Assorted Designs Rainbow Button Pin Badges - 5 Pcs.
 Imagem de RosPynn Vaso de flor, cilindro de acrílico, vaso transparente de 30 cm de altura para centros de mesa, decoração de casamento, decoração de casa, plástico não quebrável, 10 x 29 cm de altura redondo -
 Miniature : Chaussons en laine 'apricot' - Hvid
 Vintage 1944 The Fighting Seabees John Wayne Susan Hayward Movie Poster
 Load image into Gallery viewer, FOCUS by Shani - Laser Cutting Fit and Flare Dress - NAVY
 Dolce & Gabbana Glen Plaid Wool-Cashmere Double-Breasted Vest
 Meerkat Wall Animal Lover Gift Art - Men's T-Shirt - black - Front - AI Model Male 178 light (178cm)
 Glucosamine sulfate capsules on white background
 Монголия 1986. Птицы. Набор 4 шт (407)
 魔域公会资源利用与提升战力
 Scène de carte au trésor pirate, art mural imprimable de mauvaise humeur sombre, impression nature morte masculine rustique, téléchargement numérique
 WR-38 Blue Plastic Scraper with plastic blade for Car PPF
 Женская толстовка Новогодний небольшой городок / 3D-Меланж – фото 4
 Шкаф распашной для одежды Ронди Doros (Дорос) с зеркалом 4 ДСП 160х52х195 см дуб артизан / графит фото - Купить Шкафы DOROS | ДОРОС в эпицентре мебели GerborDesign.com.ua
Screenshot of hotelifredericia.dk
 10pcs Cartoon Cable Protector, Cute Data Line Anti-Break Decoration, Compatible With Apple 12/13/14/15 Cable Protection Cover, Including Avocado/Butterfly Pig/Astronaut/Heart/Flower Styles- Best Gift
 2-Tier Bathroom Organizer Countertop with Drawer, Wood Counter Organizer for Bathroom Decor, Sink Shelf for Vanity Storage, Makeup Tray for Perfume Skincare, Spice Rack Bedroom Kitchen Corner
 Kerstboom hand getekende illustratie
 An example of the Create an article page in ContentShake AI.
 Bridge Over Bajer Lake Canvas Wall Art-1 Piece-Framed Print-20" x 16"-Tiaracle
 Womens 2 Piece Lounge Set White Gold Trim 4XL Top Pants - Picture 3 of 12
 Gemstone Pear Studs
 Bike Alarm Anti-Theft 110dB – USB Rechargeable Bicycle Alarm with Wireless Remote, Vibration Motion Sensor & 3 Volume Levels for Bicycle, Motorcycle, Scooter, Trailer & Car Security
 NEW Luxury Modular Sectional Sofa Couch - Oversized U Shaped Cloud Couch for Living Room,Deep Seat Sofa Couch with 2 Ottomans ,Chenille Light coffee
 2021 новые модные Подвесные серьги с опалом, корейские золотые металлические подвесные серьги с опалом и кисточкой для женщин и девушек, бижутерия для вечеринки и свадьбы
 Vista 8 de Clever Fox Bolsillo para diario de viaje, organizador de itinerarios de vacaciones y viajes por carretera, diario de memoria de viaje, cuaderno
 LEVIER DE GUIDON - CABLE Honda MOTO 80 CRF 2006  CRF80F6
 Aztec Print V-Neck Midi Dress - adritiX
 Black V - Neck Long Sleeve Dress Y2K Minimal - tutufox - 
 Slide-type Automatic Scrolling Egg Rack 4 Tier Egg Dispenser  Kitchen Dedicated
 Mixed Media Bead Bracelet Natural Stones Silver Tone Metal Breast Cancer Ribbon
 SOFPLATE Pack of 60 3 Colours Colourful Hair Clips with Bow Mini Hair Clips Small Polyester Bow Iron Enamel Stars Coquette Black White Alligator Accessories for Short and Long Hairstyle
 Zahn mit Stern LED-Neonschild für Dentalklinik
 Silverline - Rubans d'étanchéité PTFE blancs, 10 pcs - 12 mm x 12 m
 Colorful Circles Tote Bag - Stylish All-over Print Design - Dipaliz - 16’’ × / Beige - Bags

__Your assignment__: Search the material for the string "Rack" and show every line that has it.

__Finished task__:
 2-Tier Bathroom Organizer Countertop with Drawer, Wood Counter Organizer for Bathroom Decor, Sink Shelf for Vanity Storage, Makeup Tray for Perfume Skincare, Spice Rack Bedroom Kitchen Corner
 Slide-type Automatic Scrolling Egg Rack 4 Tier Egg Dispenser  Kitchen Dedicated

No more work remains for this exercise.